Song Meaning
The speaker implores that a body be moved into the sun, recalling how its warmth once gently roused the deceased from sleep. This sun, a constant force that awoke him even in the harshness of France, is now the only hope for a stirring, despite the current snow. The lyrics paint a poignant picture of life's gentle beginnings contrasted with the stark reality of death.
The central tension lies in the futile plea to a life-giving force to animate the lifeless. The sun, previously a symbol of awakening and growth, is now invoked in a desperate, almost ironic, attempt to reverse the irreversible. The narrator questions the very purpose of the sun's energy if it cannot now overcome the "hard to stir" state of the body.
The craft here is in the personification of the sun as a "kind old" entity with knowledge, and the stark contrast between "fields unsown" and the current "snow." The repeated idea of waking – "awoke him," "wakes the seeds," "Woke, once" – emphasizes the profound stillness that has now settled.
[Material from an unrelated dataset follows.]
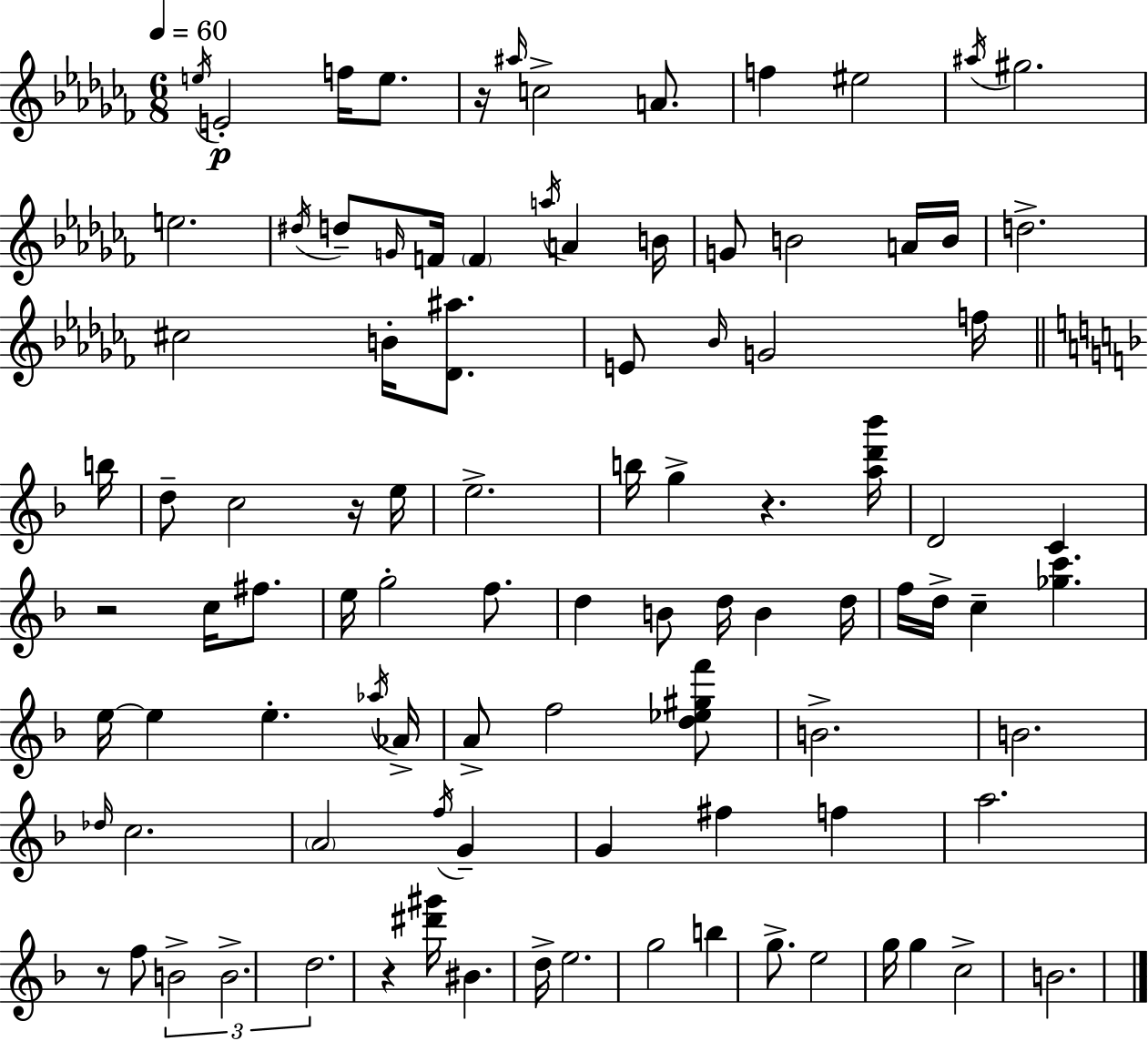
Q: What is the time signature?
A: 6/8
The rhetorical questions at the end, "Are limbs so dear-achieved... too hard to stir?" and "O what made fatuous sunbeams toil... at all?" underscore the tragic futility of the situation.
This writing is effective because it grounds an immense grief in the specific, tangible imagery of the sun's power and its failure. The shift from gentle remembrance to bitter, questioning despair highlights the profound loss. The final lines leave the reader with a sense of existential bewilderment, questioning the purpose of life's energy when faced with such absolute finality.